*** Block opens ***

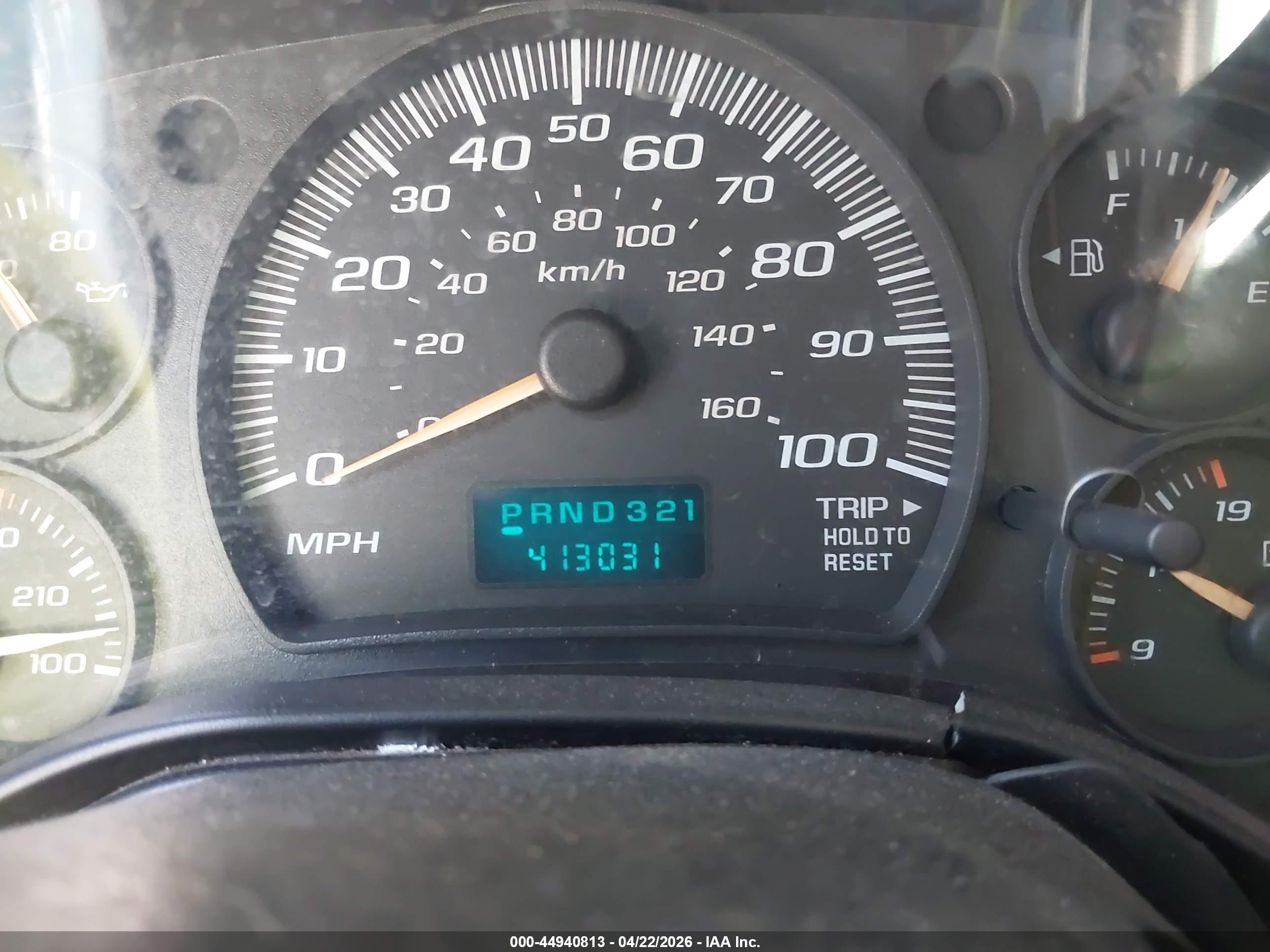 CHEVROLET EXPRESS image 7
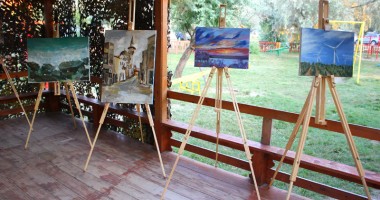 Stire din Cultură-Educație : Ce surprize ne rezervă Tabăra de pictură "Pontul Euxin"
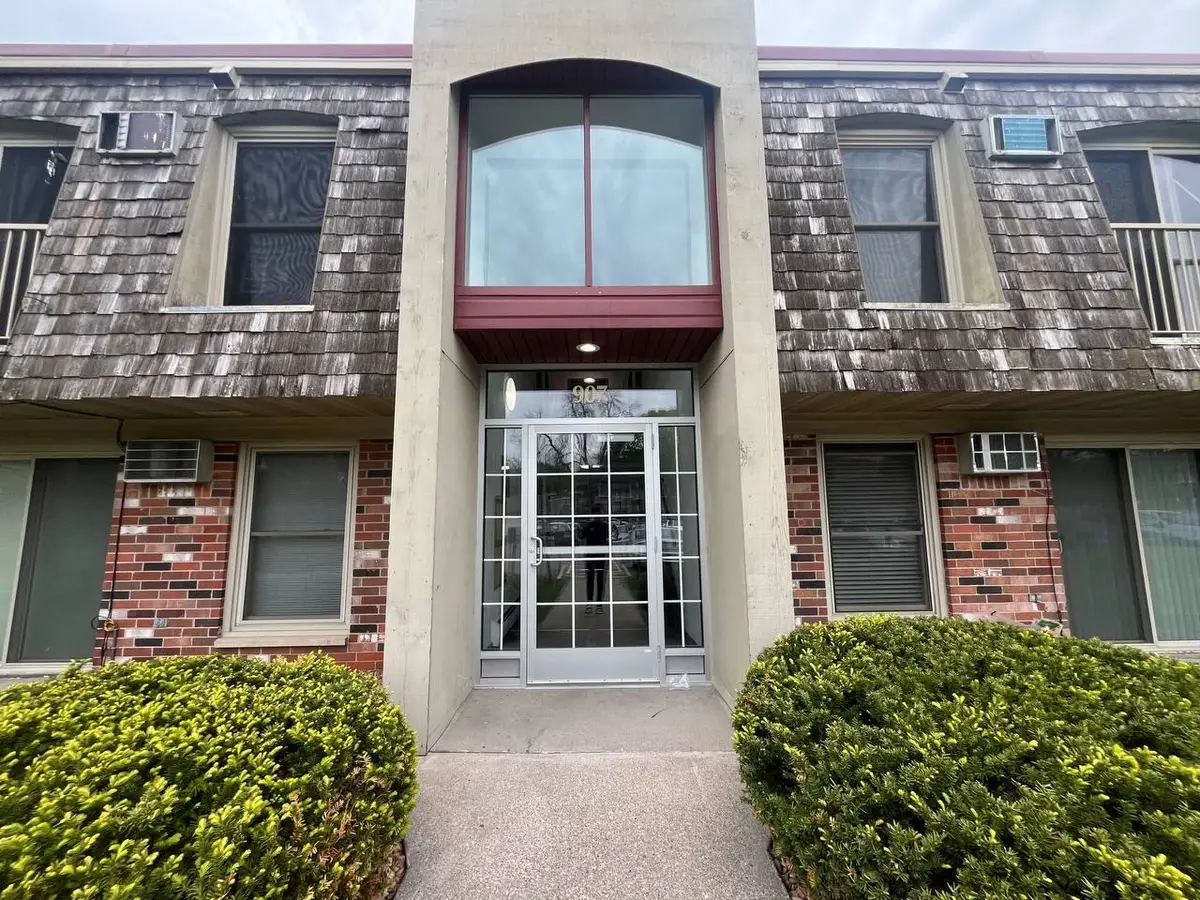 907 11th Avenue S #7, Hopkins, MN 55343 - #1
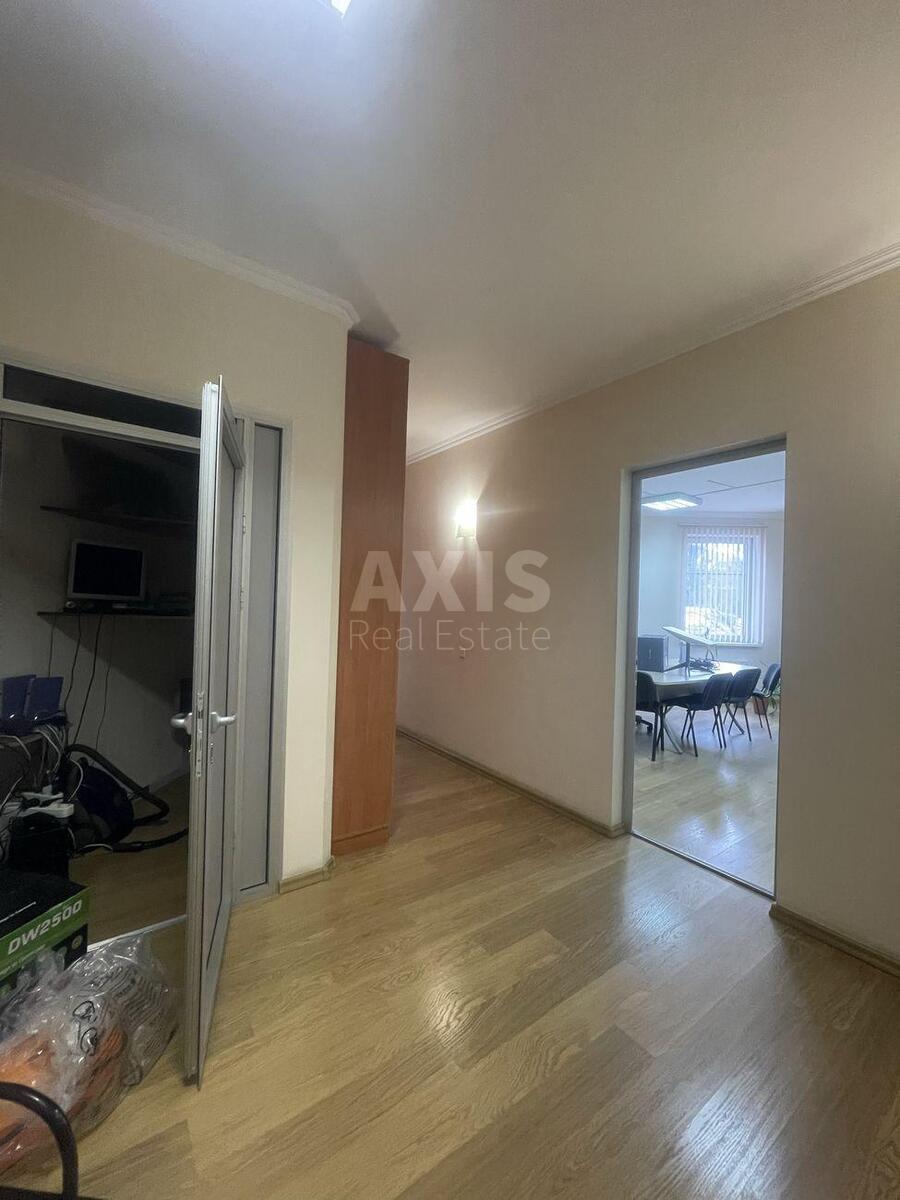 Office vul. Skoropads'kogo Pavla 39, 156m20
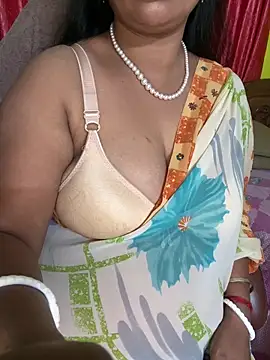 Snapshot of Anushka_21 chatting on February 2026 06:36:02 PM Anushka 21 online show from February 2026 06:36:02 PM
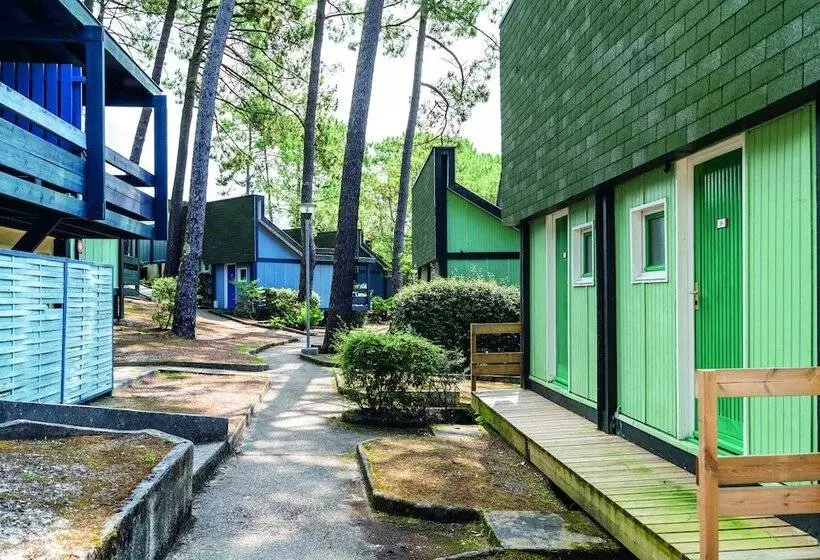 Hotelli Résidence Les Cavales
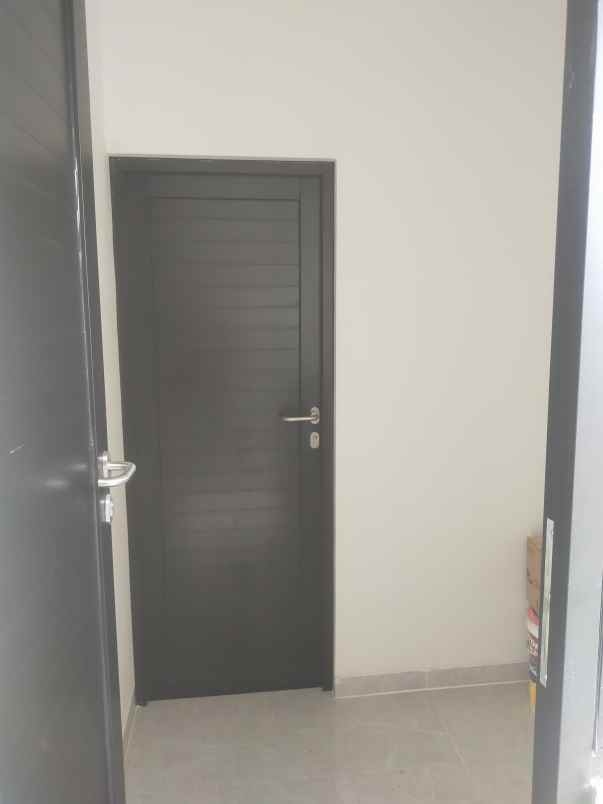 dijual rumah perumahan sutorejo prima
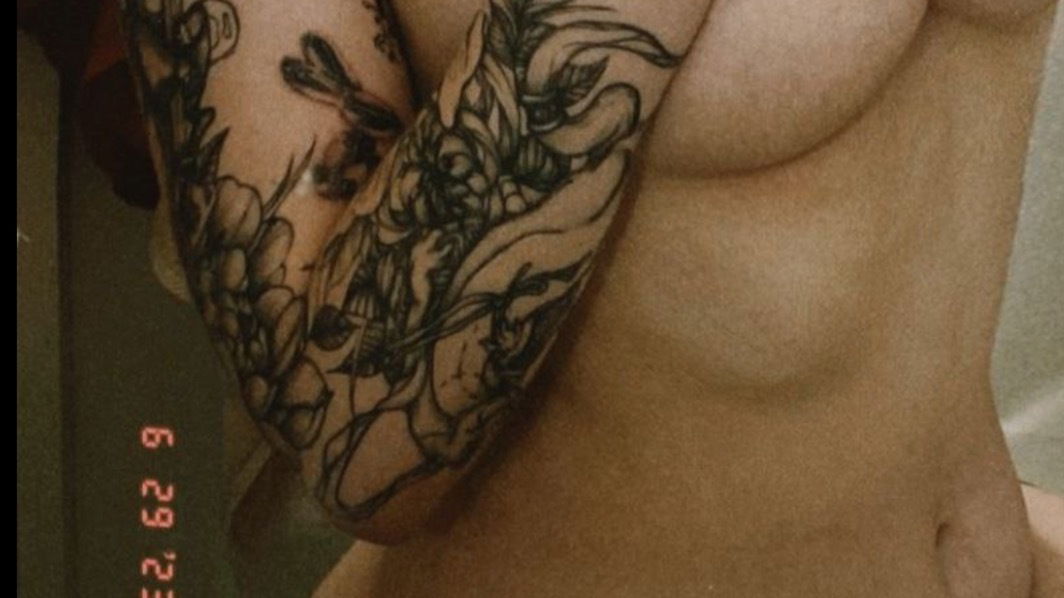 Sophie❤️‍🩹 photo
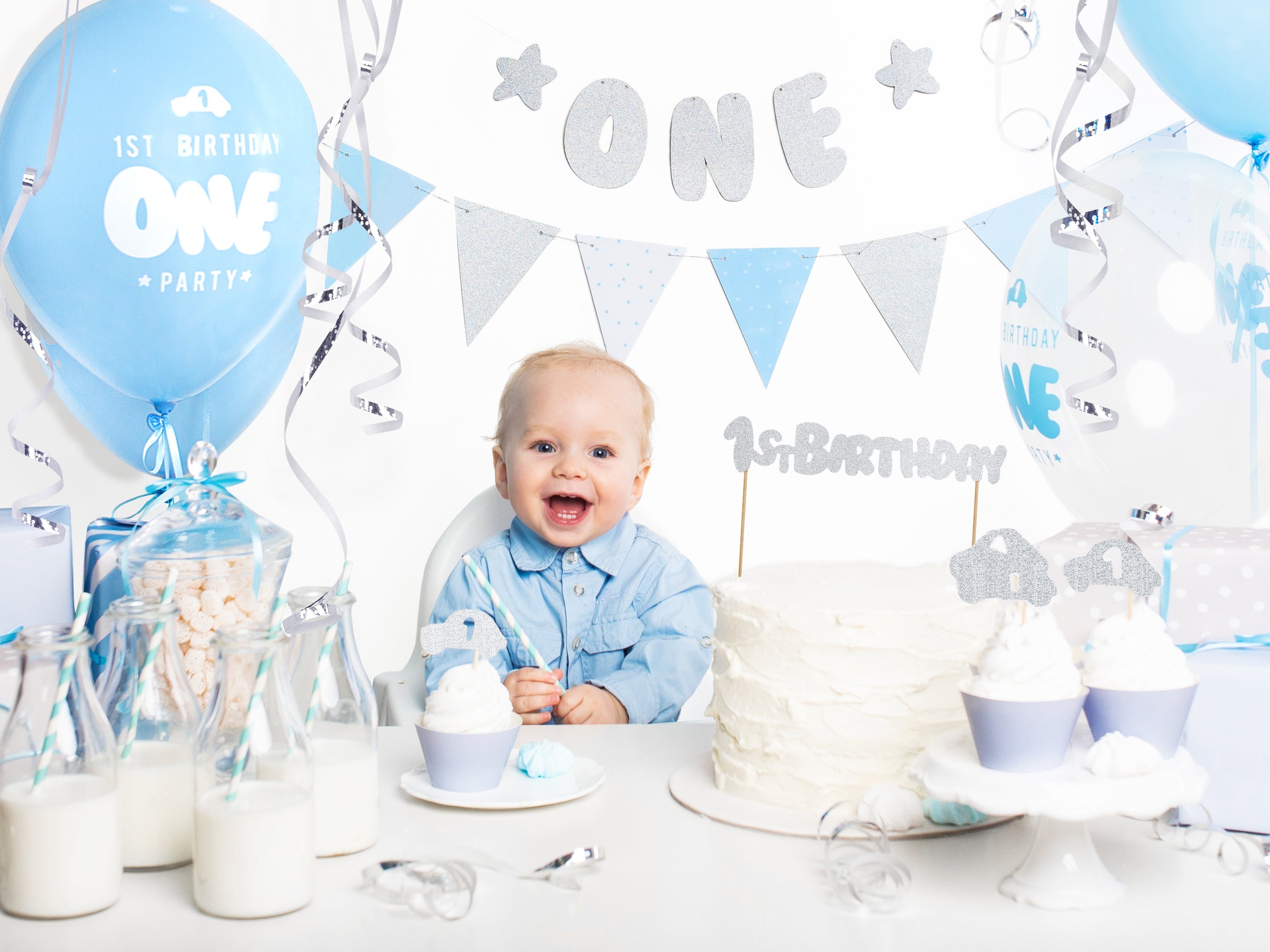 Guirlande fanions motifs à pois bleus en papier - Blue 1st Birthday
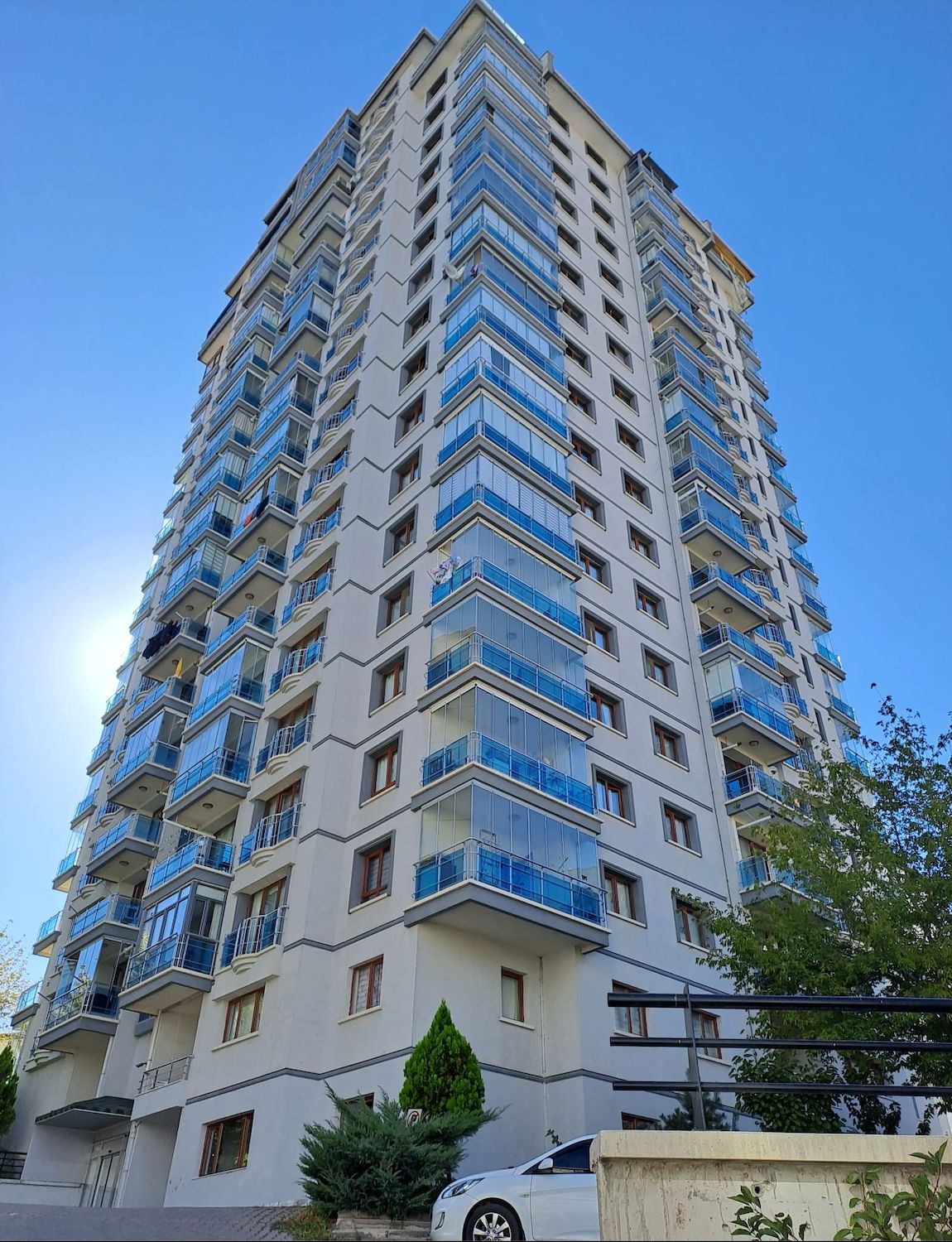 PAMUKLARDA SİTE İÇİNDE 3+1 SATILIK DAİRE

*** Block closes ***

*Prompt:* Could you set down, exactly as written, every line from the start of the records above through the line containing "Guirlande fanions motifs", leaving the pictures out?

*Answer section:*
 CHEVROLET EXPRESS image 7
 Stire din Cultură-Educație : Ce surprize ne rezervă Tabăra de pictură "Pontul Euxin"
 907 11th Avenue S #7, Hopkins, MN 55343 - #1
 Office vul. Skoropads'kogo Pavla 39, 156m20
 Snapshot of Anushka_21 chatting on February 2026 06:36:02 PM Anushka 21 online show from February 2026 06:36:02 PM
 Hotelli Résidence Les Cavales
 dijual rumah perumahan sutorejo prima
 Sophie❤️‍🩹 photo
 Guirlande fanions motifs à pois bleus en papier - Blue 1st Birthday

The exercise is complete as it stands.